Вместо этого из-за овальной двери в зеркальной трубе вылез hombre в жеваной кепке и рыкнул коротко и свирепо:
— Баста.
«И шайка вся сокрылась вдруг». Тифанитка оборвала свой визг на полуслове, достала из сумки огромный мохнатый клубок серой шерсти и принялась нервно вязать мягкими бесшумными спицами из китового, кажется, уса — в точности такие же есть у моей бабушки Инги. Мадонна, пошмыгав носом, снова пристроилась на плече у своего спутника. Работяги утратили интерес к происходящему и погрузились в свои бесконечные беседы. Пираты разбрелись по креслам и сидели там нахохлясь и поглядывая вокруг себя с обидой, как дети, которых отлучили от любимых игрушек. Мне было неуютно и немного стыдно, словно я был виноват в этом внезапно вспыхнувшем безобразии. И было совершенно ясно, что теперь-то уж мне точно не уснуть без транквилизаторов. Но рассчитывать на то, что явится красивая стюардесса и решит все проблемы, здесь не приходилось… Пока я терзался и разнообразно переживал свою оплошность, франт неторопливо пересек салон и элегантно опустился в кресло по соседству.
— Вы с Земли, — не то спросил, не то констатировал он.
— Угу, — пробурчал я. — Наверное, было нелегко догадаться?
— Здесь все, кроме вас и этих маргиналов, — он кивнул в сторону пиратов, — коренные тайкунеры. У тайкунеров нет обычая вмешиваться в дела посторонних до тех пор, пока не назревает угроза твоему личному пространству. Если этого не произошло, означенные посторонние могут невозбранно творить что захотят.
— Даже вести себя как животные?
— Даже так, — печально усмехнулся франт. — К слову, обычно тайкунеры не склонны к бурным проявлениям эмоций, если речь не идет о спорте, азартных играх или увеселительных массовых мероприятиях.
— То-то я смотрю…
— Эти трое, которых я сопровождаю, а правильнее сказать — конвоирую, бывшие плоддеры. Они еще не до конца адаптировались к нормальной жизни, и поэтому их реакции со стороны могут показаться неадекватными.
— Среди близких мне людей есть бывшие плоддеры, — проворчал я. — Не замечал за ними никаких странностей.
— Есть плоддеры, — сказал франт, — а есть «дикие плоддеры». Первые таким необычным способом лечат раны собственной совести. А вторые противопоставляют себя обществу и попросту ищут неприятностей на свои задницы, наивно полагая, что остальному человечеству от этого станет хуже. Долго объяснять… Наша троица сочла за благо сменить социальный статус и попытать счастья в качестве законопослушных граждан. Честь им за это и хвала. Но, как видите, путь им предстоит нелегкий. И для всех будет проще, если они сделают первые шаги на Тайкуне. — Он помолчал, испытующе меня разглядывая, а затем вдруг спросил: — Вы оценили, что я не задаю вам никаких вопросов и даже не спешу представиться?

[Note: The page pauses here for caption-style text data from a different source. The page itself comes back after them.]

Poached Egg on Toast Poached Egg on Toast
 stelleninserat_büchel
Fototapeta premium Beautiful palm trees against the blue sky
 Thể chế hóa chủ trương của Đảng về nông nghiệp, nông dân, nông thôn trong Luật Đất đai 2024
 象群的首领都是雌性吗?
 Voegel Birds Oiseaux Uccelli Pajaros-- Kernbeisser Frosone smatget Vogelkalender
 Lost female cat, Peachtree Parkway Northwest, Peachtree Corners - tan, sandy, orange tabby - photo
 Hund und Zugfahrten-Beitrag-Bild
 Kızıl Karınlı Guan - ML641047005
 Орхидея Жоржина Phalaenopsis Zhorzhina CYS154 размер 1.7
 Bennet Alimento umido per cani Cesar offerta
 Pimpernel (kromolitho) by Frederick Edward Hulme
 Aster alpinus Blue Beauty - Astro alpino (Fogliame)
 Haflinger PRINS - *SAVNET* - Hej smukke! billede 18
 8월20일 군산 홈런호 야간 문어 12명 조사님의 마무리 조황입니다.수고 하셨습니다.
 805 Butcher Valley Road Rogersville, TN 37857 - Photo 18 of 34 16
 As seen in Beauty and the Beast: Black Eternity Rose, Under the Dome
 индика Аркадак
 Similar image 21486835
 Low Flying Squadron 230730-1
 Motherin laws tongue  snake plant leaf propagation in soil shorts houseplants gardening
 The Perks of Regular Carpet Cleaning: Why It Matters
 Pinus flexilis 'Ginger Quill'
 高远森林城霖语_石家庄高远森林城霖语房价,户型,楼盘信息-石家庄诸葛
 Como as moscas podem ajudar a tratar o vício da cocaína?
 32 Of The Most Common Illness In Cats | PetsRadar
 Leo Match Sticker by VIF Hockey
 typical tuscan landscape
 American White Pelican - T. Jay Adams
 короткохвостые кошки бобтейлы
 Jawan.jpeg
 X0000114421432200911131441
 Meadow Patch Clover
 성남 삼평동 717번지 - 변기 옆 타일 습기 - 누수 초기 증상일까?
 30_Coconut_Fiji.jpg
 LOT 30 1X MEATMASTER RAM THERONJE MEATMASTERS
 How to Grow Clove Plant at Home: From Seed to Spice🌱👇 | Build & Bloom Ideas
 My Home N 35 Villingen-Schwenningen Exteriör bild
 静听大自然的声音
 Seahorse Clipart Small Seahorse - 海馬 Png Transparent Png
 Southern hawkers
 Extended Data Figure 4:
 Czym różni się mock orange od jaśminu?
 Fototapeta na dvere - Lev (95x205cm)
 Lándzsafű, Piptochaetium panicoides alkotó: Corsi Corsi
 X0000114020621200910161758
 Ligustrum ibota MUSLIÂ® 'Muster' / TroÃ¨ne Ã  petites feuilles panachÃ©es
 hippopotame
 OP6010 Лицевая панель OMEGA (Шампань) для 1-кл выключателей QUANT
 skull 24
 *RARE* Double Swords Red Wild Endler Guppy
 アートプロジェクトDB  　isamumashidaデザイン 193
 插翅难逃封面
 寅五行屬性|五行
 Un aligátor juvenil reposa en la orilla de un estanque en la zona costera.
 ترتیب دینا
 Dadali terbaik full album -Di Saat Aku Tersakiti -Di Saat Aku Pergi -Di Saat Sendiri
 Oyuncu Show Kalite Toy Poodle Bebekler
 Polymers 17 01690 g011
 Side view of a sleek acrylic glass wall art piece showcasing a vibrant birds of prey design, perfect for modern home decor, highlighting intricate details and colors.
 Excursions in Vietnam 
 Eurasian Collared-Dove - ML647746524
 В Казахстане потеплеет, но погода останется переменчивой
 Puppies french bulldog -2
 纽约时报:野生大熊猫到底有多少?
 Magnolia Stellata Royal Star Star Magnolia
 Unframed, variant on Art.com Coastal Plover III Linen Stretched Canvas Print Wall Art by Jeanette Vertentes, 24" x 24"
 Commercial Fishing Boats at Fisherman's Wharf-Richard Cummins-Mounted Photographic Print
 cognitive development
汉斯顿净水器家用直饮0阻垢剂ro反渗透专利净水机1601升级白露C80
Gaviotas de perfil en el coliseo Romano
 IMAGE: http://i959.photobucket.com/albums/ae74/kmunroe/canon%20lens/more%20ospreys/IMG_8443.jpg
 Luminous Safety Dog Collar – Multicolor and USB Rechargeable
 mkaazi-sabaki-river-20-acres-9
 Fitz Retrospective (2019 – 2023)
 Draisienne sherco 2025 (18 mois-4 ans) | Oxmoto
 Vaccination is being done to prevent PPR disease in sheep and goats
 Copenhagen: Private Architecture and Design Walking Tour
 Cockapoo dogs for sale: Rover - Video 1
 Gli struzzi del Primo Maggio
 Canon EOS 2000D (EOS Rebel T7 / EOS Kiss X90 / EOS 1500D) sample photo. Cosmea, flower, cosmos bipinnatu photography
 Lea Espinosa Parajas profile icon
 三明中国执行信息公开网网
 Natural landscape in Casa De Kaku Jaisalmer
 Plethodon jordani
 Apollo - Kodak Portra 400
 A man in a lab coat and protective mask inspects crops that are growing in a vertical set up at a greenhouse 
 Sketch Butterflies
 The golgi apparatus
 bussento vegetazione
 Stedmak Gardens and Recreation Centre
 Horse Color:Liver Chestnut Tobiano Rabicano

— Честно говоря, я не придал этому значения.
— Уж эти мне земляне, — хмыкнул он. — Настоящий тайкунер никогда не назовет свое имя, пока его об этом не спросят.
— А настоящий вампир никогда не войдет в дом без приглашения, — сказал я в тон ему.
— Я настоящий тайкунер, — сказал франт. — Коль скоро вас не интересует моя персона…
— Ну, в конце концов, как ваше имя? — осведомился я.
— Финтан Флеминг, доктор адаптивной психологии, к вашим услугам, — объявил он, как мне показалось, на весь салон. — Настоящий тайкунер и настоящий психолог. Кому еще доверили бы сопровождать эту компанию к их новому месту пребывания? Разве что наряду Звездного Патруля, но для патрульников это чересчур тривиальная задачка. — Он выждал, очевидно рассчитывая услышать мое имя, но мне не хотелось называть себя, да и Гайрон не рекомендовал оставлять о себе следов больше, чем необходимо, а выдумывать из головы какого-нибудь «Джона Пупкина» было стыдно. Поэтому я с привычной уже легкостью прикинулся шлангом, тупо глядя ему в глаза. И он вынужден был витийствовать далее: — То, что вы сейчас имели редкое удовольствие наблюдать, в медицине называется «протестный психоз тайкунеров» или «синдром дискордии». Вообще-то Дискордия — это богиня раздора в римском пантеоне, но в нашем случае это лишь медицинский термин. Дискордия — это разновидность всем хорошо известного адаптационного синдрома, а по сути — форма легкого психического расстройства, присущая практически всем тайкунерам, получившим подобающее воспитание внутри своего социума. Мы рождаемся невинными младенцами, чей рассудок не омрачен никакими недугами, а затем у всех нас понемногу едет крыша.